TASK STATEMENT:
What is needed is a word-for-word copy of the listing below, without pictures.

RECORD EXCERPTS:
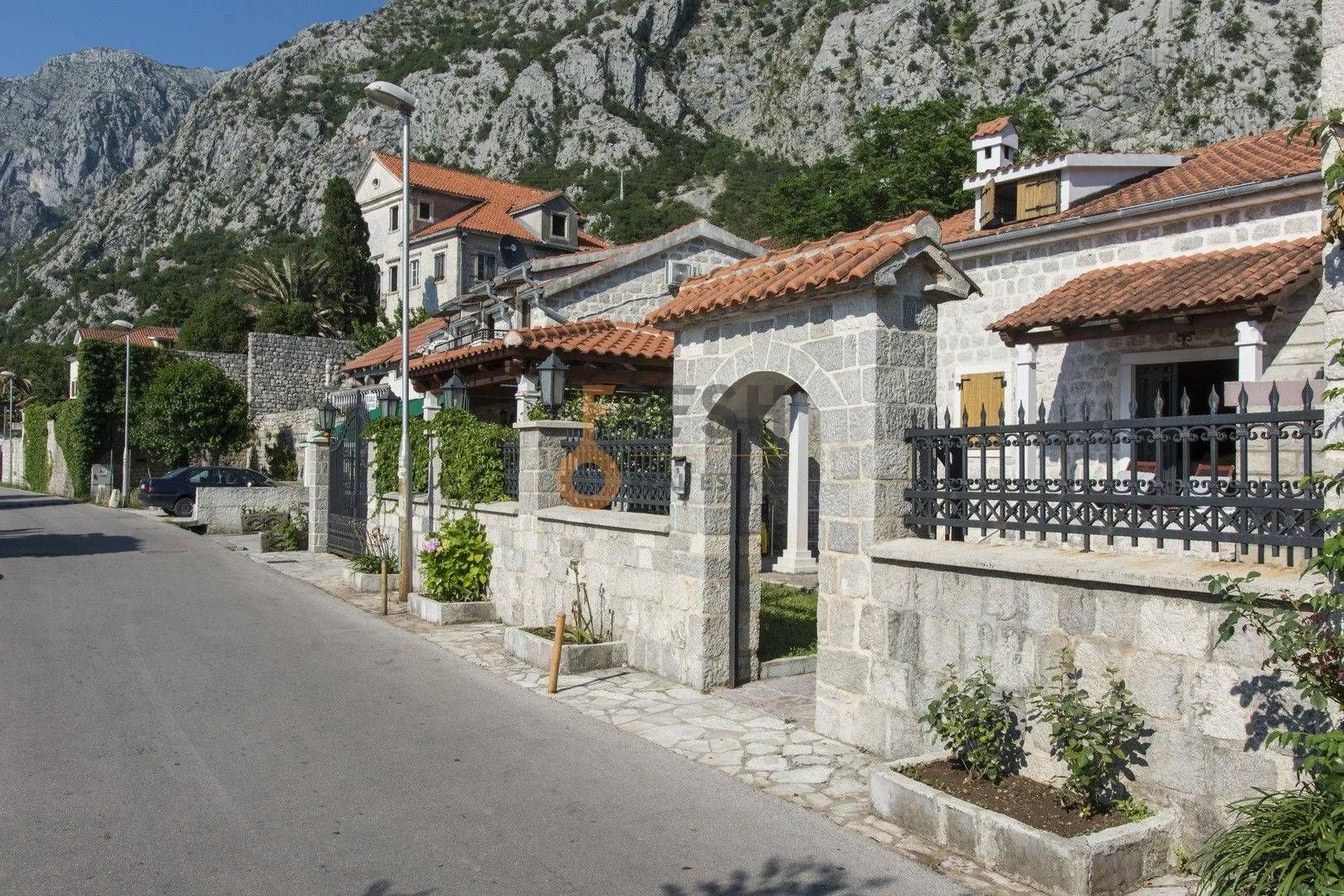 Prodaja, kuća, 170m², Kotor, Crna Gora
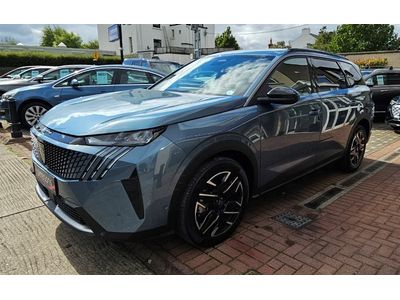 2025 Peugeot 5008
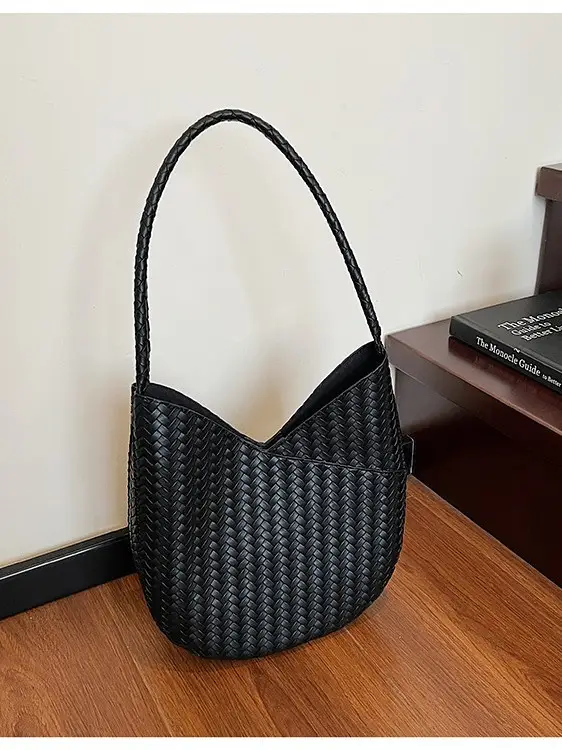 Brown Woven Shoulder Bag Large Capacity 2025 - Image 8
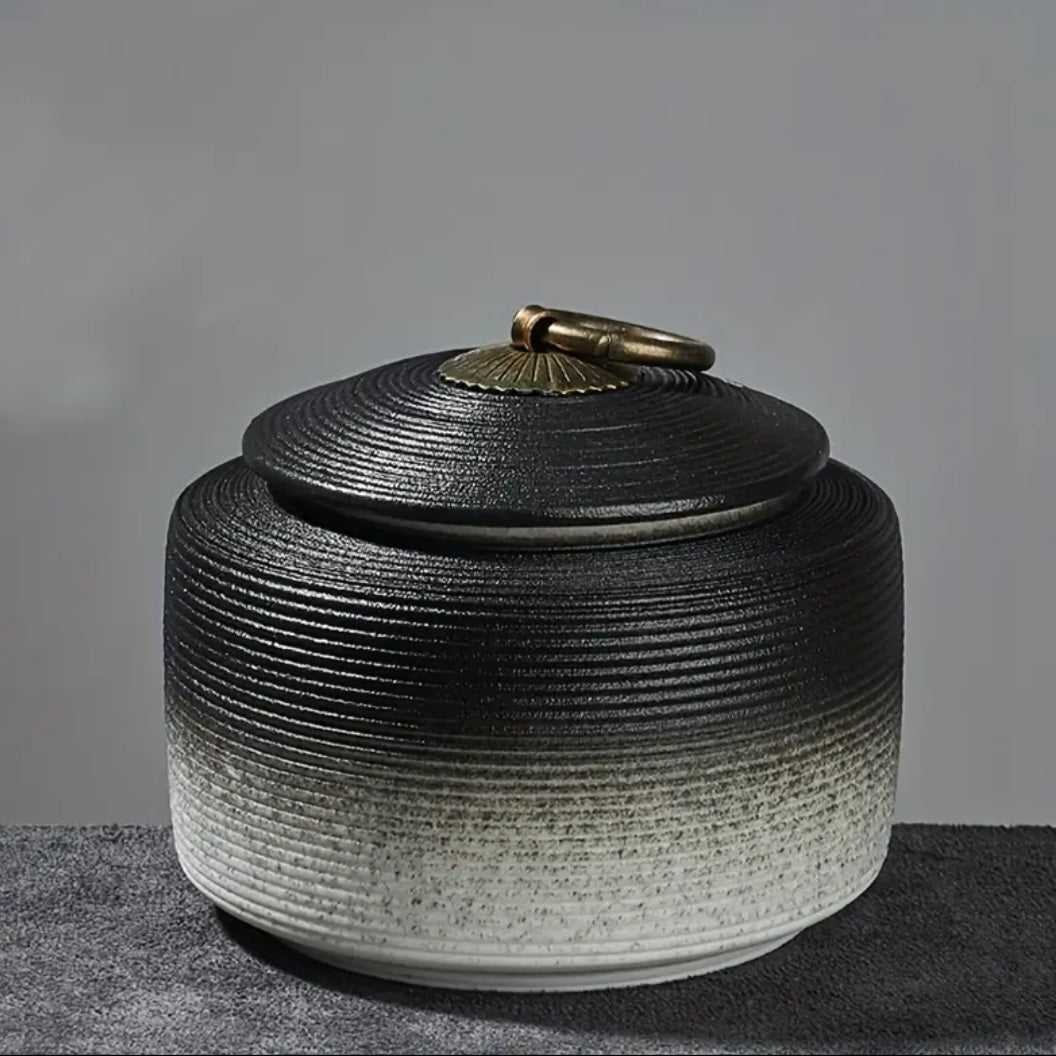 urn met een oosterse look en in het zwart-wit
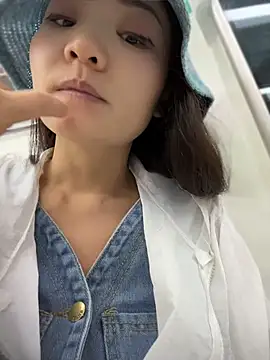 xiaoxiaocheng678 Show Webcam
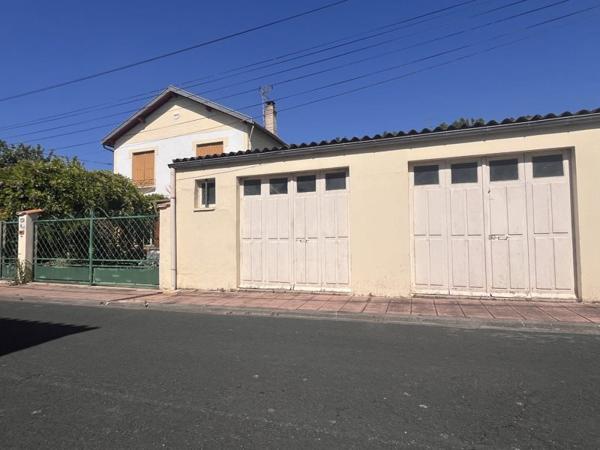 Maison 223 650 € Rochefort 5 p 110 m² DPE F
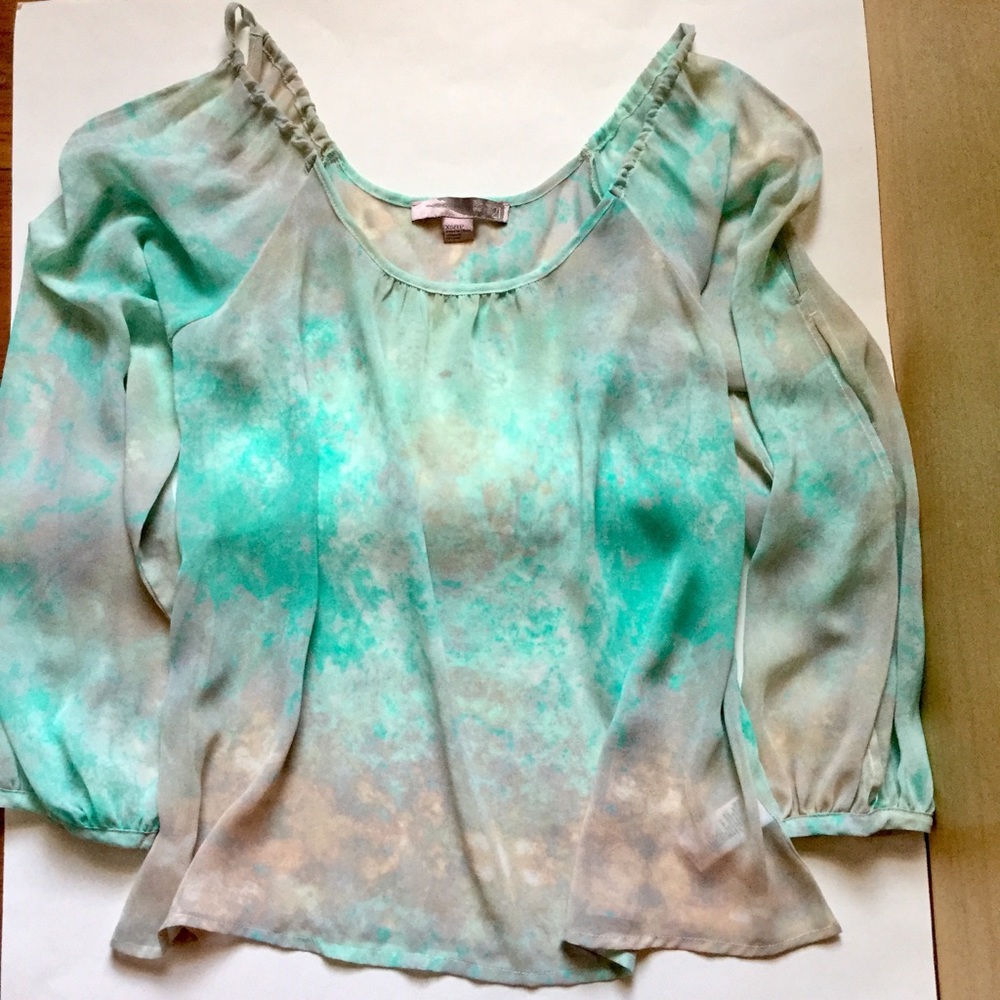⬇️FLOWING MARBLE BLOUSE ❤️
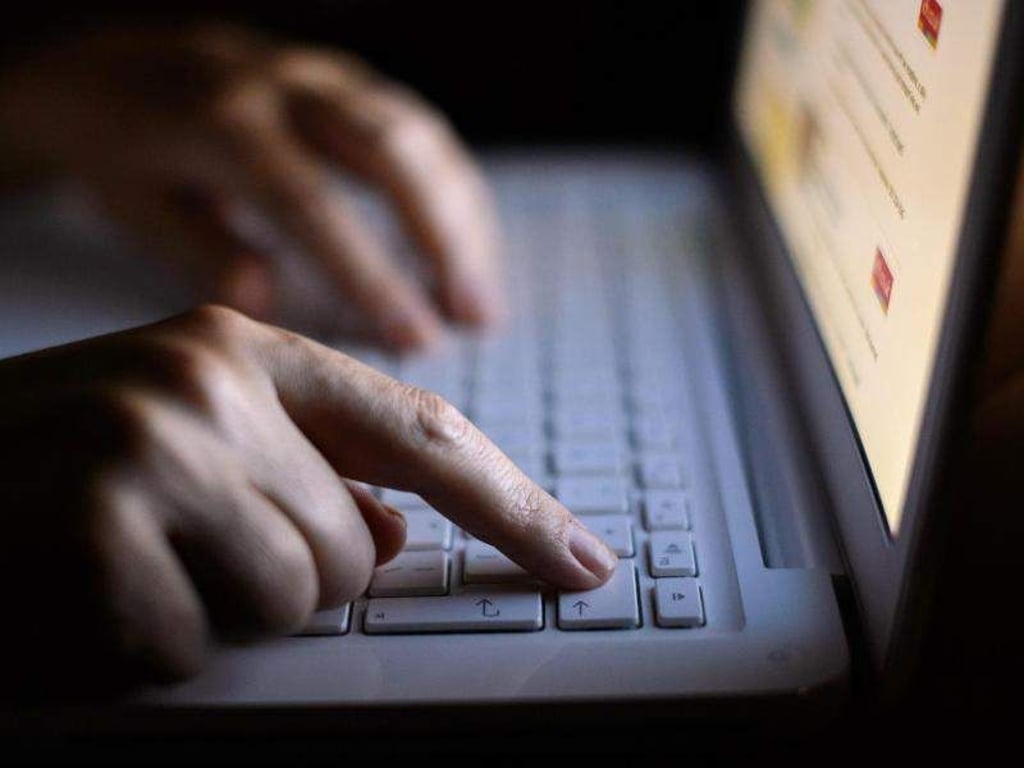 Reisen online buchen ist praktisch und schnell. Doch Vorsicht vor Betrügern. Foto: Dominic Lipinski/PA Wire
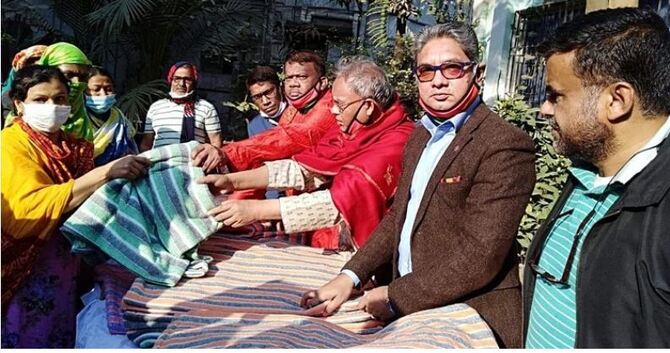 রাজধানীতে রিজভীর শীতবস্ত্র বিতরণ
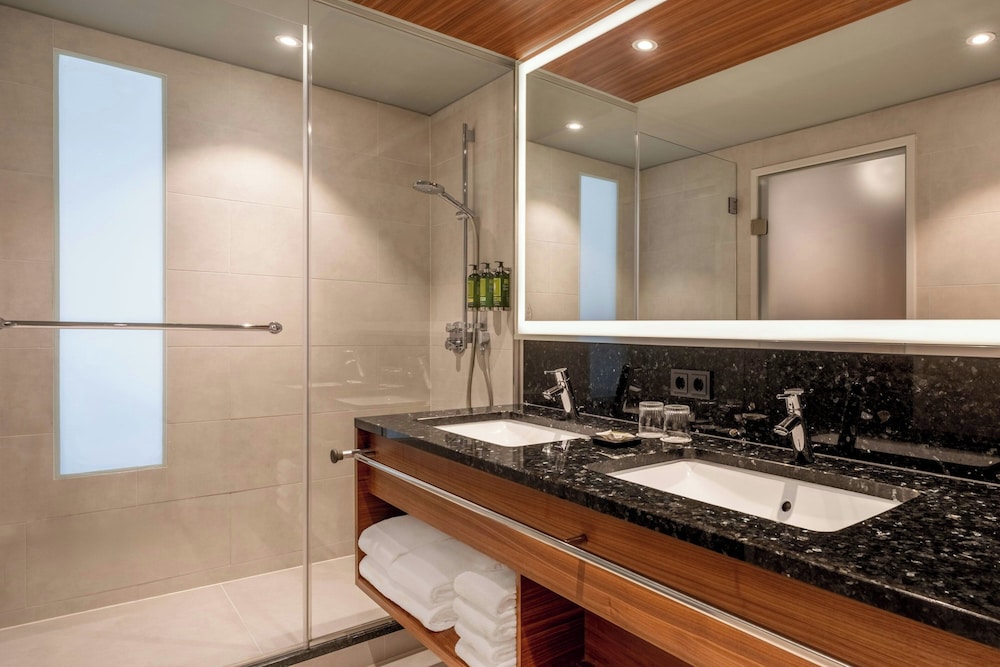 جناح جونيور بسرير كينج، Vienna Marriott Hotel 6/8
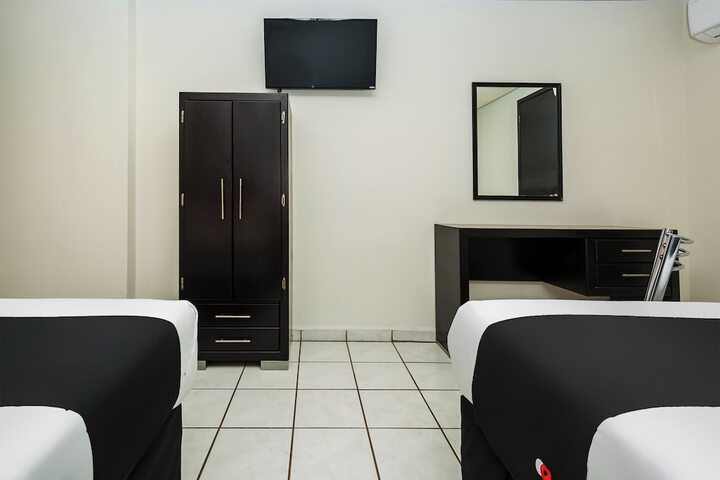 Room 17 of 39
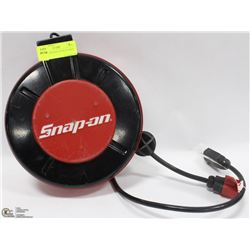 SNAP-ON HANGING RETRACTABLE CORD -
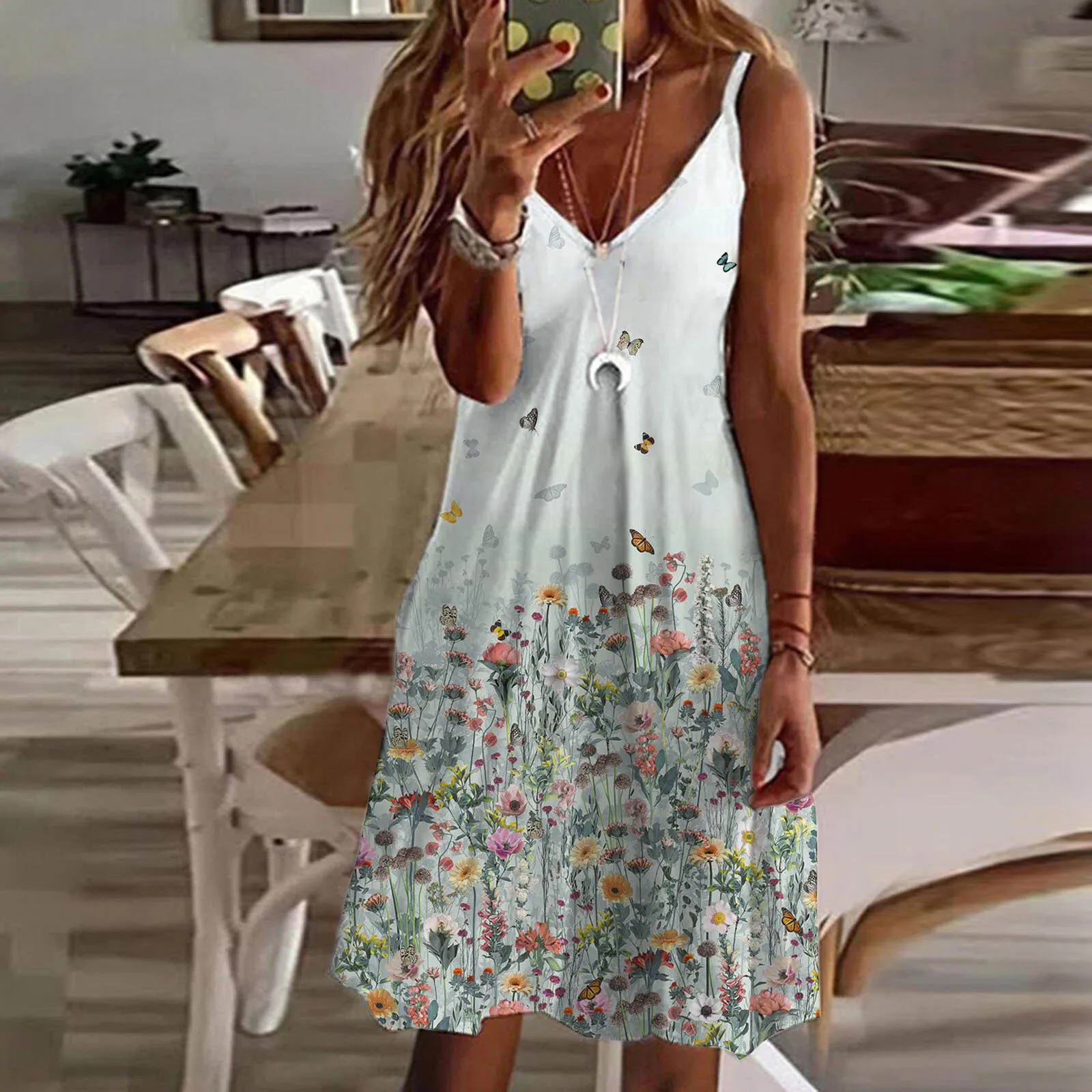 Women Summer Casual Suspender Dress 2022 Sexy Ladies 3D Printed Midi Dresses Fashion Casual A-line Dress 12 Colors
Women Summer Casual Suspender Dress 2022 Sexy Ladies 3D Printed Midi Dresses Fashion Casual A-line Dress 12 Colors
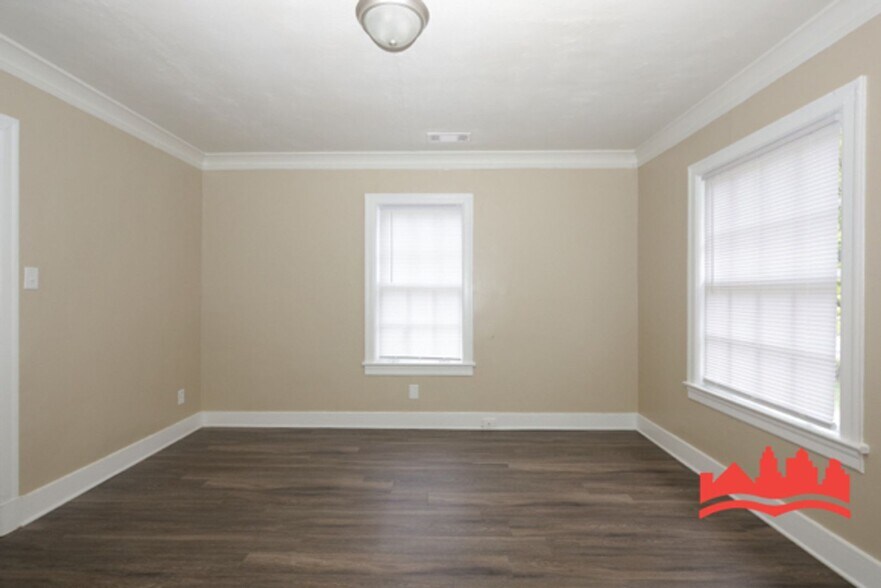 Building Photo - 3727 Rhea Ave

SOLUTION FOR THIS TASK:
 Prodaja, kuća, 170m², Kotor, Crna Gora
 2025 Peugeot 5008
 Brown Woven Shoulder Bag Large Capacity 2025 - Image 8
 urn met een oosterse look en in het zwart-wit
 xiaoxiaocheng678 Show Webcam
 Maison 223 650 € Rochefort 5 p 110 m² DPE F
⬇️FLOWING MARBLE BLOUSE ❤️
 Reisen online buchen ist praktisch und schnell. Doch Vorsicht vor Betrügern. Foto: Dominic Lipinski/PA Wire
 রাজধানীতে রিজভীর শীতবস্ত্র বিতরণ
 جناح جونيور بسرير كينج، Vienna Marriott Hotel 6/8
 Room 17 of 39
 SNAP-ON HANGING RETRACTABLE CORD -
 Women Summer Casual Suspender Dress 2022 Sexy Ladies 3D Printed Midi Dresses Fashion Casual A-line Dress 12 Colors
Women Summer Casual Suspender Dress 2022 Sexy Ladies 3D Printed Midi Dresses Fashion Casual A-line Dress 12 Colors
 Building Photo - 3727 Rhea Ave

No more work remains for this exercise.